■ Required action: Every line below from the one with "2024 Montego Bay" through the one with "92 Kate Street, Macleay Island QLD 4184" is to be repeated exactly, with no picture among them.

■ Data for processing:
════════
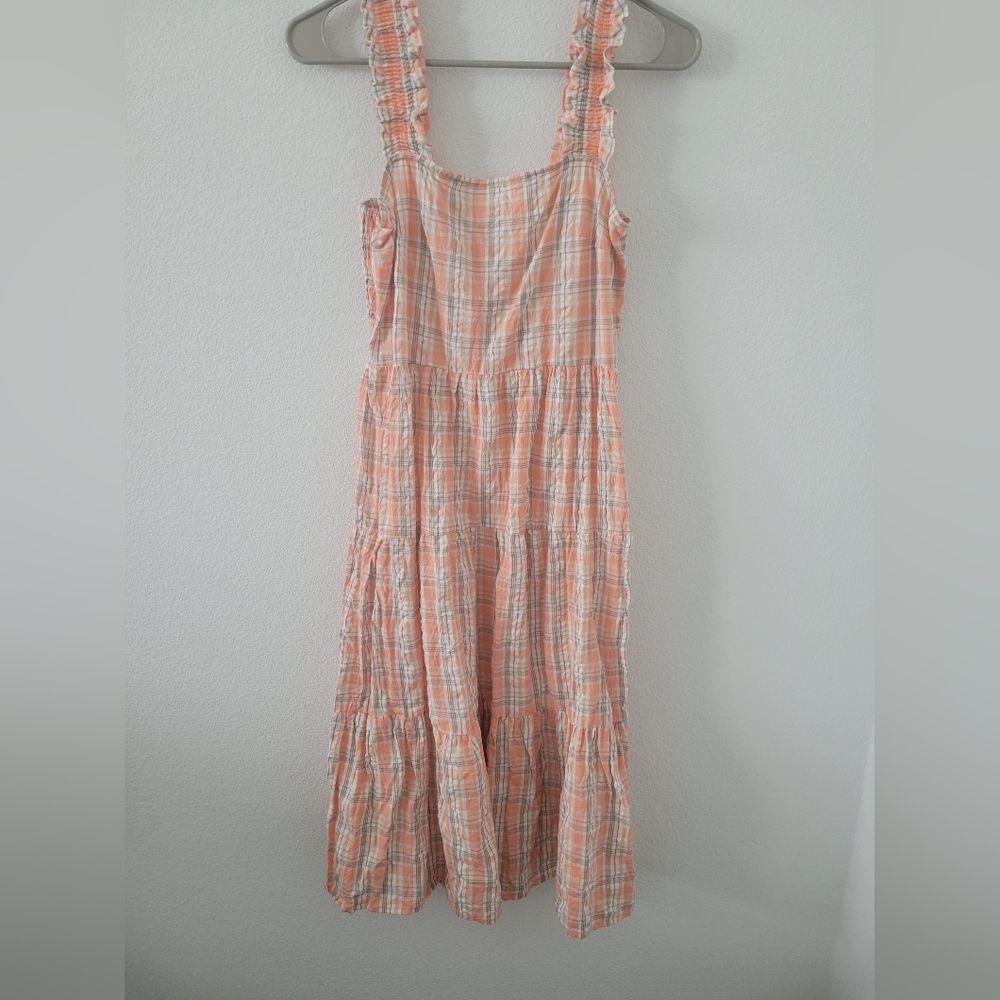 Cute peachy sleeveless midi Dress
════════
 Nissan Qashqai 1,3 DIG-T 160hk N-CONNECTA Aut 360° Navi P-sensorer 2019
════════
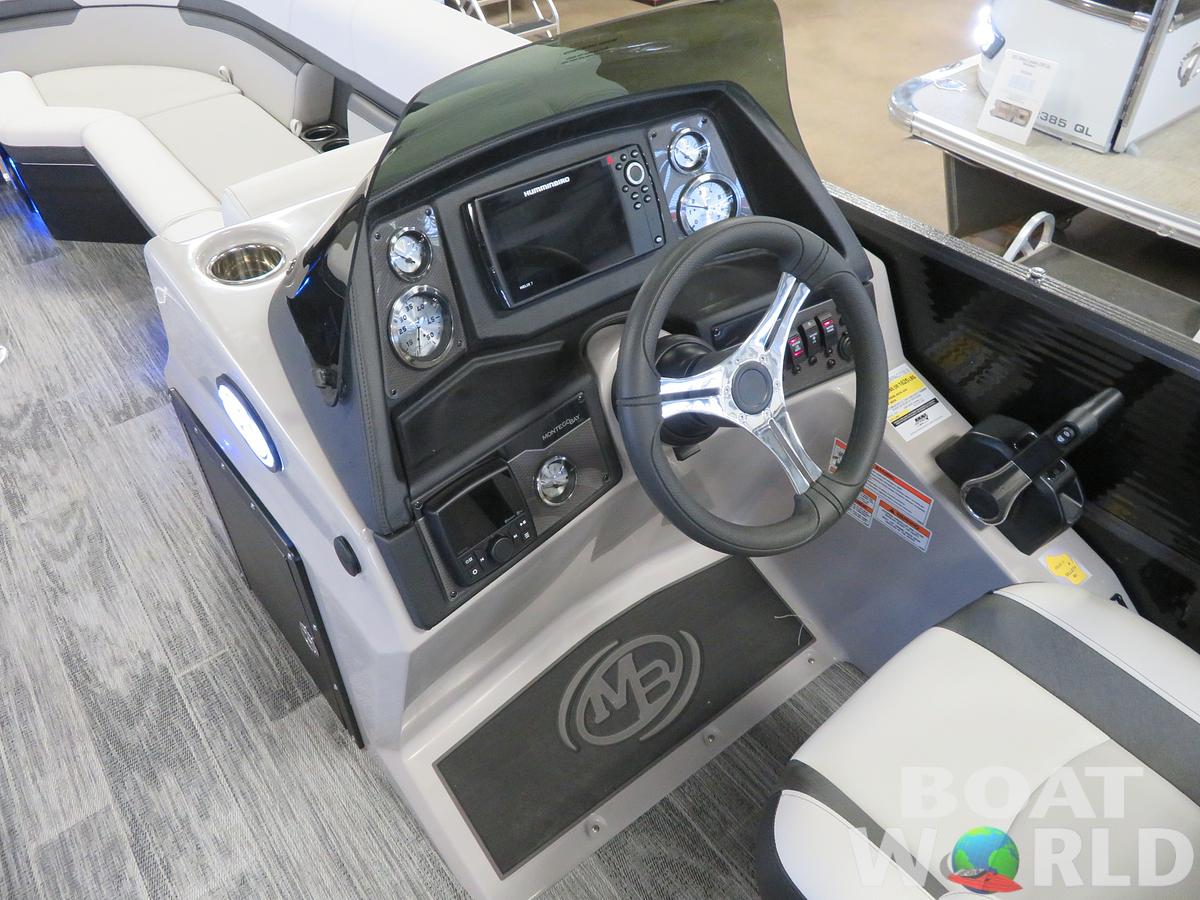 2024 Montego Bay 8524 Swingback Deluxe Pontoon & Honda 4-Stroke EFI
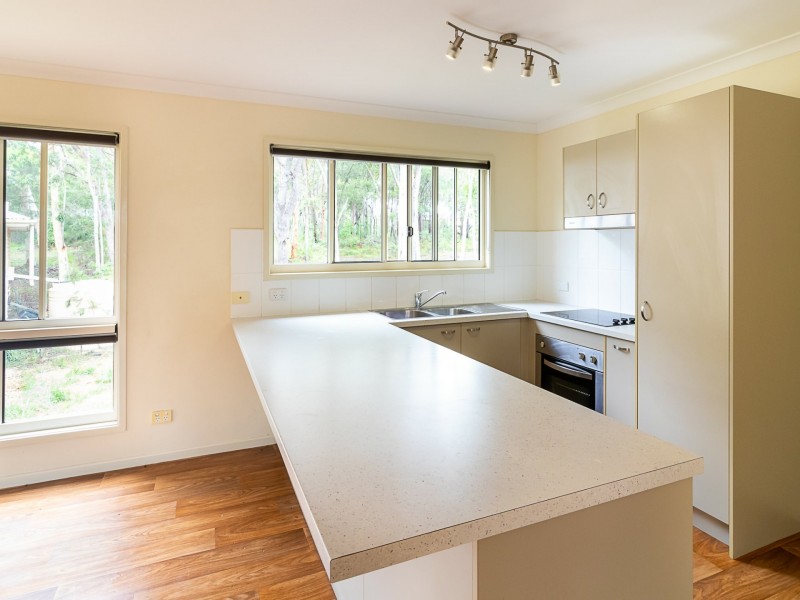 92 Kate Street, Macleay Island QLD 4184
════════
■ Written response:
 2024 Montego Bay 8524 Swingback Deluxe Pontoon & Honda 4-Stroke EFI
 92 Kate Street, Macleay Island QLD 4184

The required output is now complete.